_Instructions for the task:_ Print the data below exactly as it stands, and keep the pictures out.

Given material section start

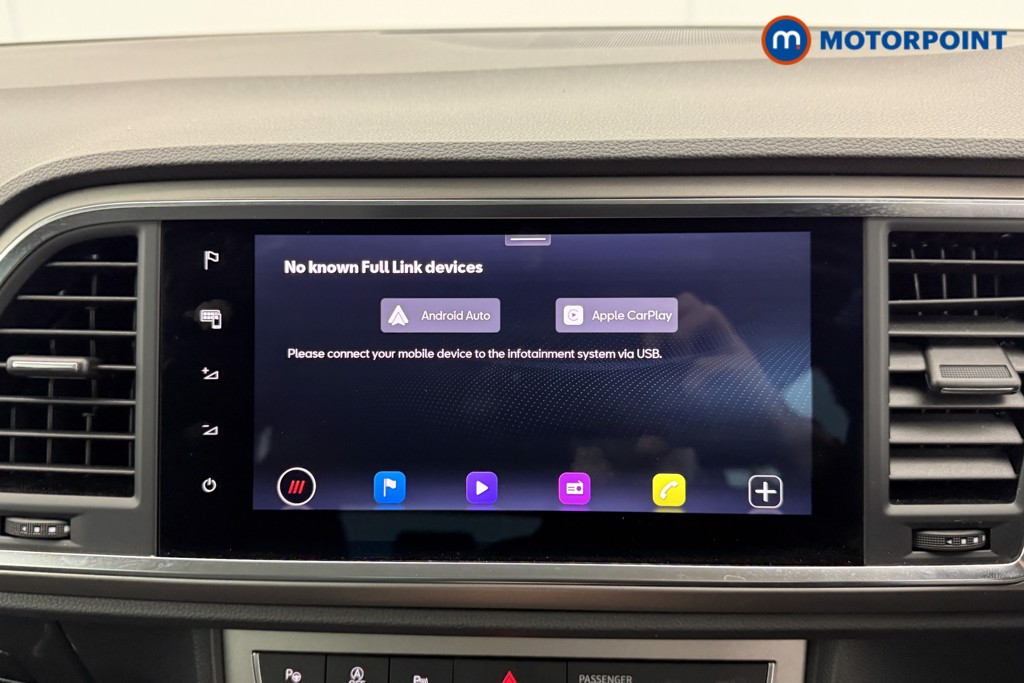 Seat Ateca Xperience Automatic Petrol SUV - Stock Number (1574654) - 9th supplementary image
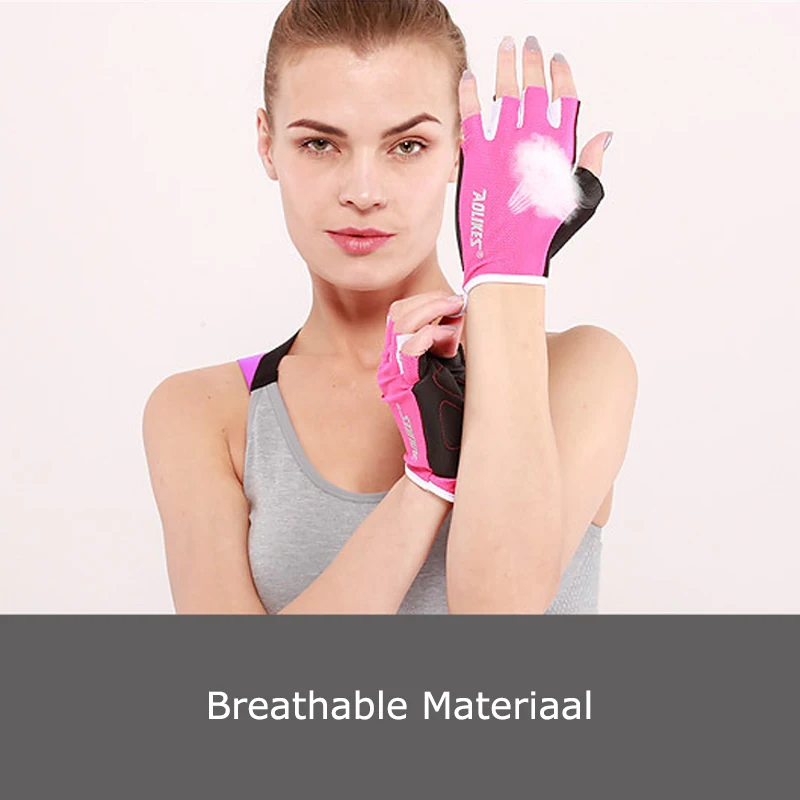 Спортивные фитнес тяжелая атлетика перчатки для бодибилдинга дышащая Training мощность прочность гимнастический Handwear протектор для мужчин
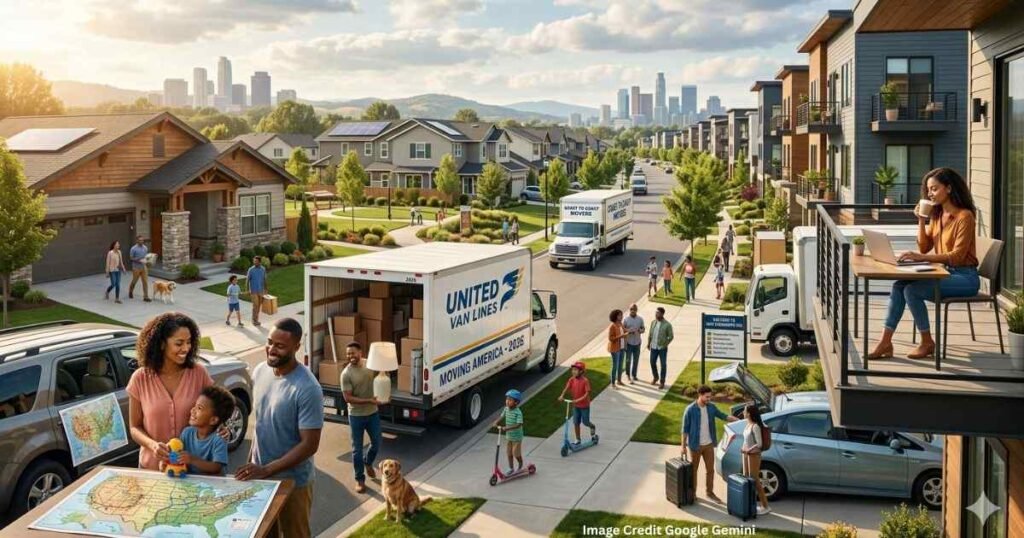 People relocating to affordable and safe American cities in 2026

Given material section end

_Answer:_
 Seat Ateca Xperience Automatic Petrol SUV - Stock Number (1574654) - 9th supplementary image
 Спортивные фитнес тяжелая атлетика перчатки для бодибилдинга дышащая Training мощность прочность гимнастический Handwear протектор для мужчин
 People relocating to affordable and safe American cities in 2026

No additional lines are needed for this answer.